Per il Tar è «evidente e innegabile» che spetti al ministero dell’Interno decidere in quale porto devono toccare terra i migranti salvati perché le «operazioni di soccorso vanno inquadrate nel più ampio e complesso contesto del fenomeno migratorio via mare». La sentenza nega che il porto sicuro debba coincidere automaticamente con quello più vicino perché «manca una definizione chiara ed internazionalmente condivisa» dello stesso.

Le autorità italiane si sarebbero dunque comportate in maniera corretta, anche perché la Geo Barents è una nave idonea ad affrontare in sicurezza il lungo tragitto e da bordo non erano state segnalate situazioni di urgenza.

Non è la prima volta che in sede amministrativa il giudice dà torto alle Ong, a differenza di quanto avvenuto finora in tutti i procedimenti penali contro i soccorritori. La sentenza rischia di essere un duro colpo per le organizzazioni attive nel Mediterraneo centrale.

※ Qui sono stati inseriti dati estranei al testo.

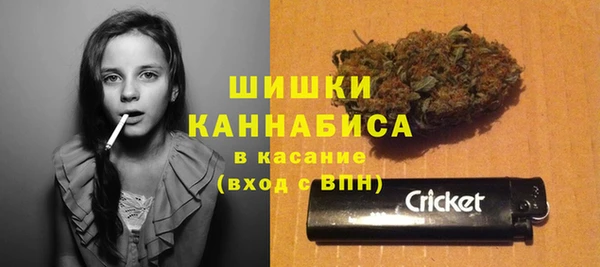 винт Абаза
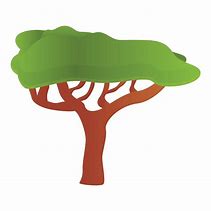 Image result for Safari Tree Cartoon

Da dicembre dello scorso anno l’Italia ha messo in campo una nuova strategia per ostacolarne le missioni: indicare un porto lontano subito dopo il primo soccorso. A tutela di questa prassi sono poi state introdotte alcune misure punitive dal decreto Piantedosi di gennaio, successivamente convertito in legge (finora ha portato al fermo di quattro imbarcazioni per circa tre settimane ciascuna).

In questo modo le navi umanitarie sono tenute lontano dalla zona di ricerca e soccorso per molti giorni e riescono a portare al sicuro un numero inferiore di persone. Nel frattempo, comunque, gli sbarchi sono aumentati.